= Beginning of Section =

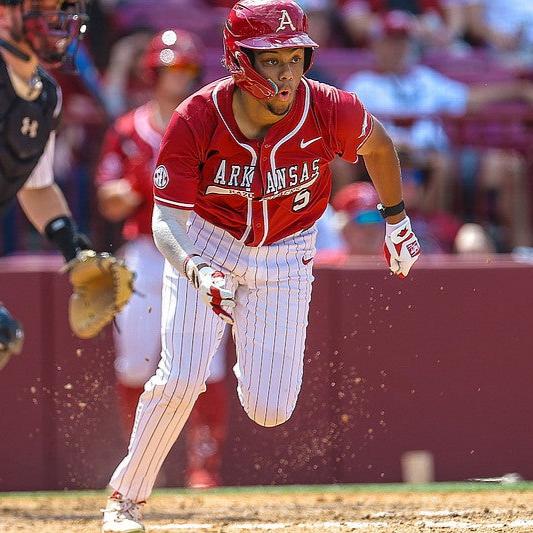 Image of Kendall Diggs Captian for Arkansas Baseball team #5. Diggs is running out of the box after a hard-hit baseball. He is in full Arkansas Razorback baseball uniform and wearing Locked Eyewear.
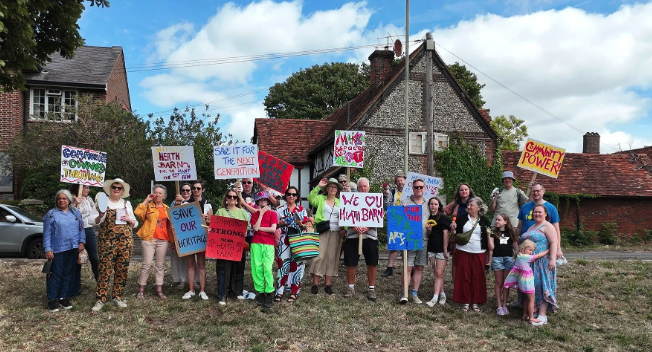 A group of people stand outside the barn. They hold placards saying things such as 'We love our barn' and 'Community power'.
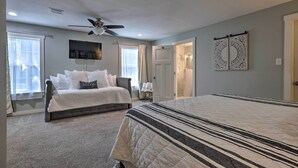 A bedroom with a large bed, a smaller bed, a ceiling fan, a TV, and a door leading to another room. - Cozy Retreat w/ Hot Tub & Fire Pit: Close to Main! (Fredericksburg)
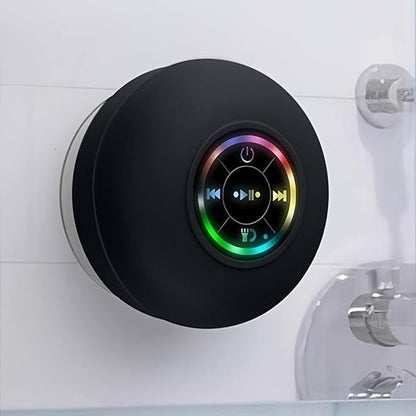 Compact portable Bluetooth speaker held in hand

= End of Section =

*Work to complete:*
Print the listing exactly, pictures excluded.

*Solution to the problem:*
 Image of Kendall Diggs Captian for Arkansas Baseball team #5. Diggs is running out of the box after a hard-hit baseball. He is in full Arkansas Razorback baseball uniform and wearing Locked Eyewear.
 A group of people stand outside the barn. They hold placards saying things such as 'We love our barn' and 'Community power'.
 A bedroom with a large bed, a smaller bed, a ceiling fan, a TV, and a door leading to another room. - Cozy Retreat w/ Hot Tub & Fire Pit: Close to Main! (Fredericksburg)
 Compact portable Bluetooth speaker held in hand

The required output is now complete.